Die Wirkungen einer innerörtlichen Regelgeschwindigkeit von 30 km/h auf die CO2- und Luftschadstoffemissionen des Straßenverkehrs ergeben sich aus den Veränderungen der Fahrleistung und den Änderungen der kilometerspezifischen Emissionen. Während die Fahrleistung durch eine Absenkung der Fahrgeschwindigkeit generell abnimmt, zeigt sich bei den kilometerspezifischen Emissionen ein differenziertes Bild. Diese steigen bei Treibhausgasen und NOx an, während bei PM unter Berücksichtigung der AWAR-Emissionen ein Rückgang zu erwarten ist. In Summe ergeben sich durch die Maßnahme damit größtenteils positive Effekte im Bereich der Emissionen.
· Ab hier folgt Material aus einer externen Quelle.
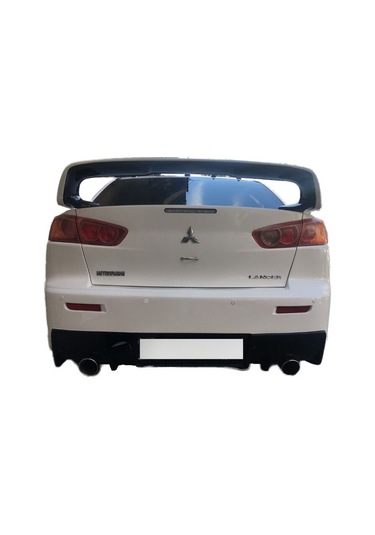 Mitsubishi Lancer Evo 10 2009 - 17 Arka Tampon Boyasız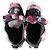 Sneakers Giuseppe Zanotti Talon Winter in pelle e pelliccia nera Nero Multicolore - vista 6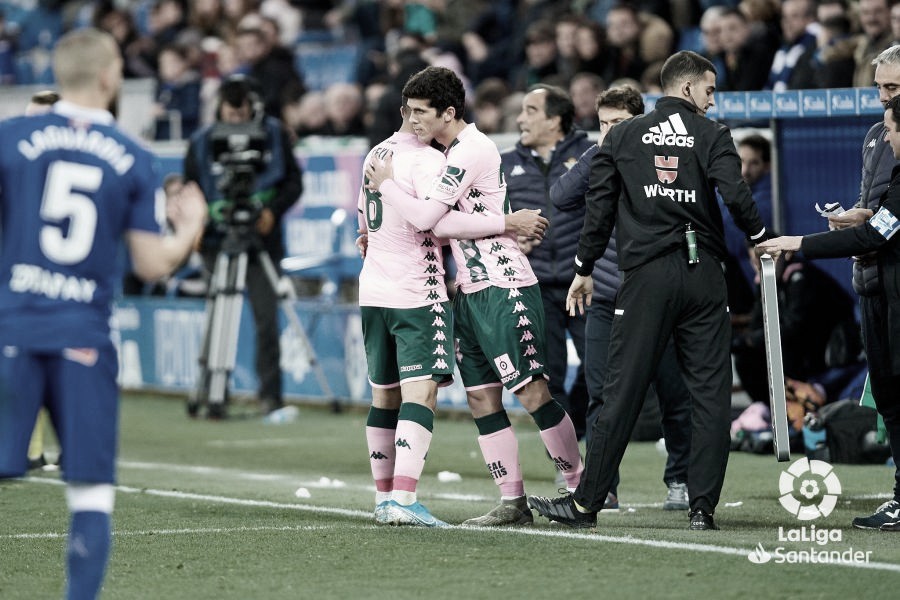 Aleñá empieza a carburar con el Betis Aleñá empieza a carburar con el Betis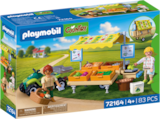 25% CAGNOTTÉS<BR>SUR VOTRE COMPTE<CAGNOTTE> SUR LES GAMMES COUNTRY, HORSES ET POMPIERS - PLAYMOBIL - Auchan Hypermarché à Guyancourt 25% CAGNOTTÉS<BR>SUR VOTRE COMPTE<CAGNOTTE> SUR LES GAMMES COUNTRY, HORSES ET POMPIERS - PLAYMOBIL en promo chez Auchan Hypermarché Guyancourt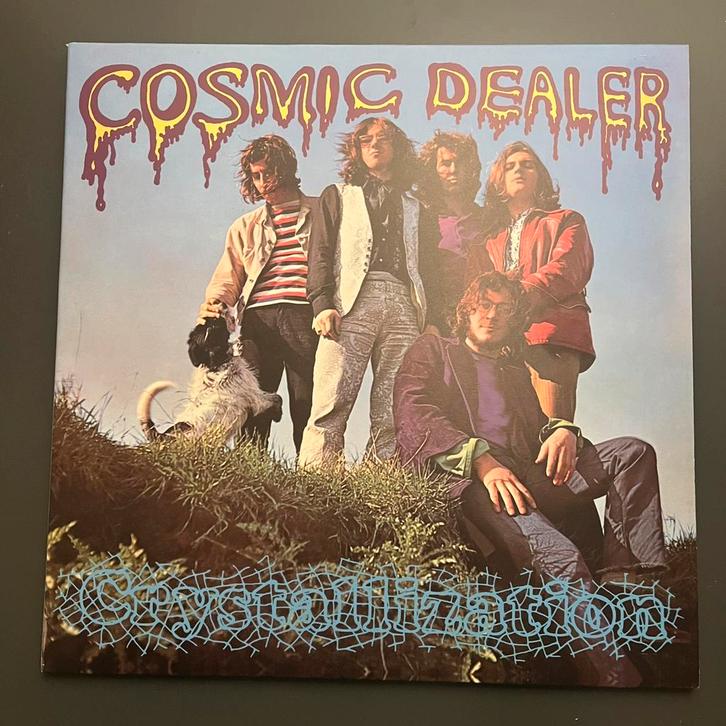 Cosmic Dealer Crystallization Dutch Masterpiece 2LP, Cd's en Dvd's, Vinyl | Pop, Zo goed als nieuw, 1960 tot 1980, 12 inch, Ophalen of Verzenden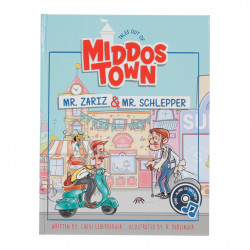 Tales Out Of Middos Town - CD Included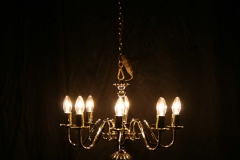 brass-8-arm-chandlier-at-night_6940821230_o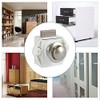 5PCS Push Button Latch Catch Push Door Lock,Keyless Door Lock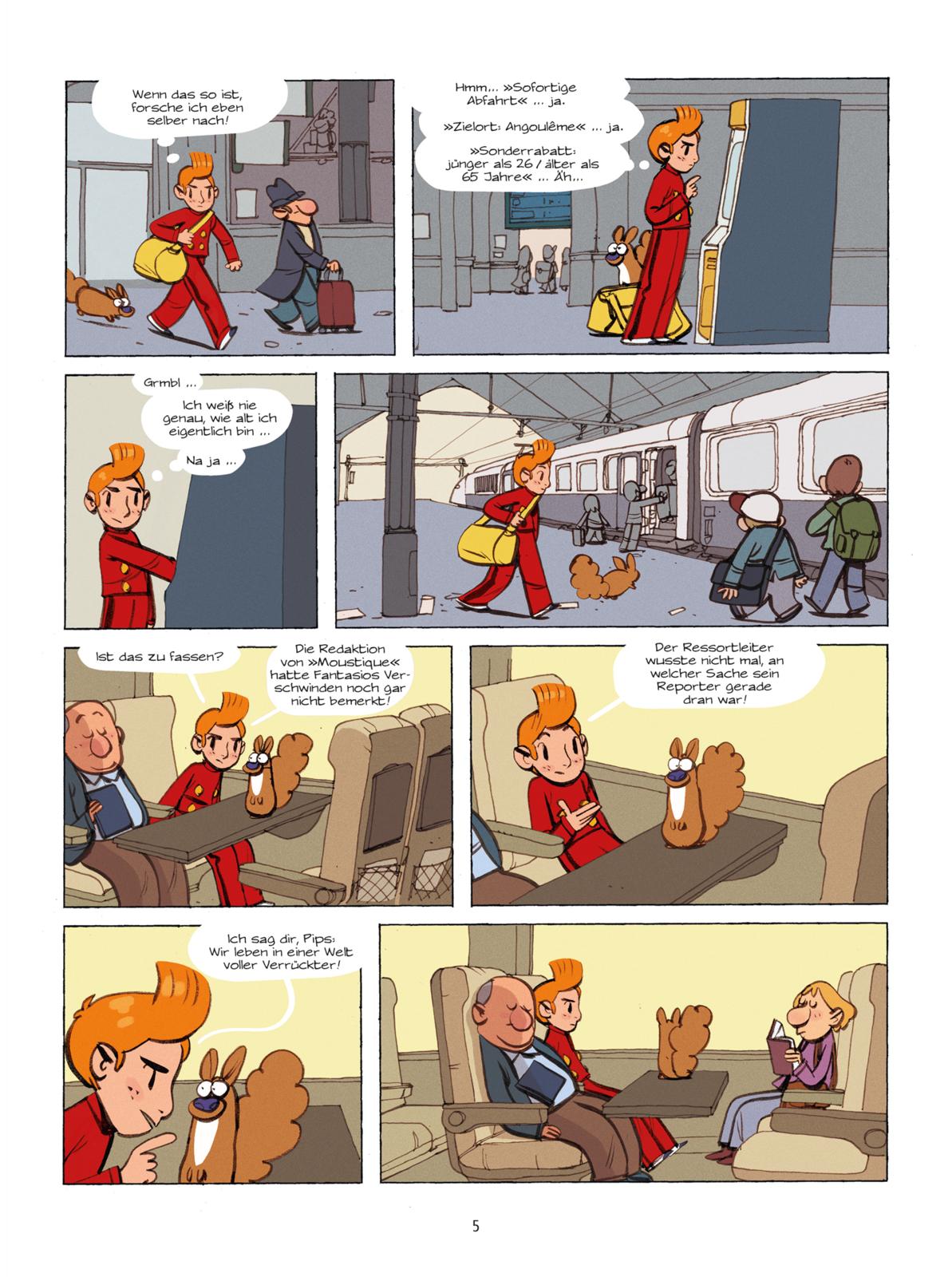 Spirou & Fantasio Spezial Bd.41: Spirou und das Comic-Syndrom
Eine großräumige Absenkung der zulässigen Geschwindigkeit (wie im Projekt „Flüssiger Verkehr“ abgebildet) führt zu höheren Emissionsrückgängen, da dadurch die verkehrlichen Effekte stärker überwiegen.

Darüber hinaus sind bei einer Diskussion der Maßnahme auch ihre Wirkungen auf Lärm und Verkehrssicherheit von Bedeutung. Im Projekt „Umweltwirkungen einer innerörtlichen Regelgeschwindigkeit von 30 km/h“ werden auch dazu Aussagen getroffen.